Learn2Aggregate: Supervised Generation of Chvatal-Gomory Cuts Using Graph Neural Networks

Authors: Arnaud Deza, Elias B. Khalil, Zhenan Fan, Zirui Zhou, Yong Zhang

AAAI 2025 | Venue PDF | Archive PDF | Plain Text | LLM Run Details

Reproducibility Variable Result LLM Response
Research Type Experimental We evaluate the ML-based separator against heuristic CG cuts and exact separation on the five families of problems in terms of final integrality gap closure (IGC, i.e., how close the LP relaxation bound is to the optimal integer value) and total cut generation time. We find that: 1. On average, we remove 75% of the constraints, leading to mean IGC improvements of 2%, 23%, and 93% at time reductions of 57%, 64%, and 41% for small, medium, and large instances, respectively. These are substantial improvements that validate our motivating observation 1. above as well as the GNN design described in 3.
Researcher Affiliation Collaboration 1Department of Mechanical & Industrial Engineering, University of Toronto 2 Huawei Technologies Canada
Pseudocode No The paper describes the methodology and GNN architecture but does not include a formal pseudocode block or algorithm.
Open Source Code Yes Code https://github.com/khalil-research/ML4Cuts
Open Datasets No We experiment with five families of MILPs used in the research area of ML for MILP. They span a diverse range of combinatorial structures as can be seen in Table 1. For each family of problems, three instance sizes are considered. For each family and size, a dataset of 200 instances is generated. We use MIPLearn (Xavier et al. 2020) for the generation of PM and SS instances and Ecole (Prouvost et al. 2020) for the generation of FL and SC instances.
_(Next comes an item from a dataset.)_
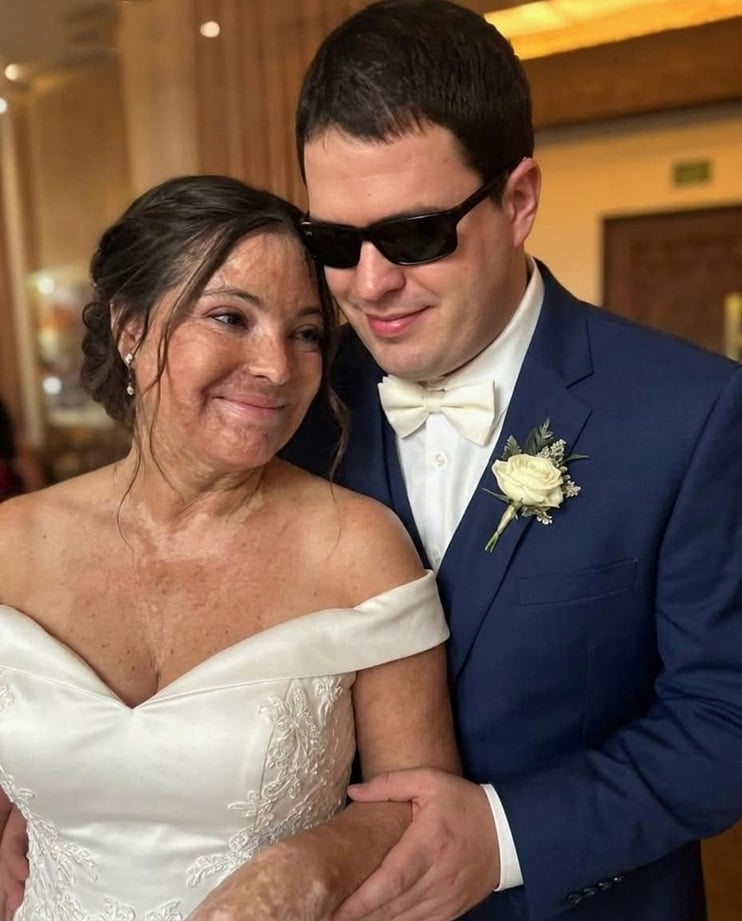 Ela se casou com um cego para esconder suas cicatrizes, mas a revelação na noite de núpcias mudou tudo contioutra.com - Ela se casou com um cego para esconder suas cicatrizes, mas a revelação na noite de núpcias mudou tudo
Details regarding problem formulation and instance generation is also included in Appendix B. To collect training data (on a random subset of the 200 instances), we deploy the full CG-MIP separator in a pure cutting plane method to collect features/labels as well as baseline performance for the full separator.
Dataset Splits Yes For each dataset, we use 100, 50, and 50 instances for training, validation, and testing.
Hardware Specification No The paper does not provide specific hardware details (e.g., GPU/CPU models, memory amounts) used for running the experiments. It refers generally to 'modern solvers' and 'computational cost' but not specific hardware.
Software Dependencies Yes Models are trained with Pytorch 1.10 (Paszke et al. 2019) and SCIP 8.0.0 (Bestuzheva et al. 2021) is used as the MIP solver.
Experiment Setup Yes GNN hyperparameters are tuned using 80 random search trials. After training, the GNN s classification threshold (between zero and one) is tuned to maximize the F1-score on validation data. [...] We restrict the maximum number of cut generation rounds to 100 and terminate early if IGC stagnates over 7 rounds to avoid diminishing returns. Additionally, motivated by the CG-MIP implementation in SCIP, we use a complemented MIR cut generation heuristic based on CG-MIP s solution pool. [...] CG-MIP s execution is stopped if an integer (optimal) solution has been found or if one of the following conditions are met: (1) A 15-second time limit is hit, (2) a feasible solution limit of 5000 is hit, or (3) an incumbent (i.e., improving) solution limit of 1000. The conservative time limit of 15 seconds is used to return cuts fast if any are found. Otherwise, the time limit is doubled and the solution limit is set to 1, i.e., the solver terminates on finding the first cut. The time limit is doubled until a total time limit of 180 seconds is reached, in which case the cutting plane method terminates. Additionally, to ensure CG-MIP focuses on finding feasible solutions rather than proving optimality, we set SCIP s internal parameter emphasis to feasibility (Appendix D).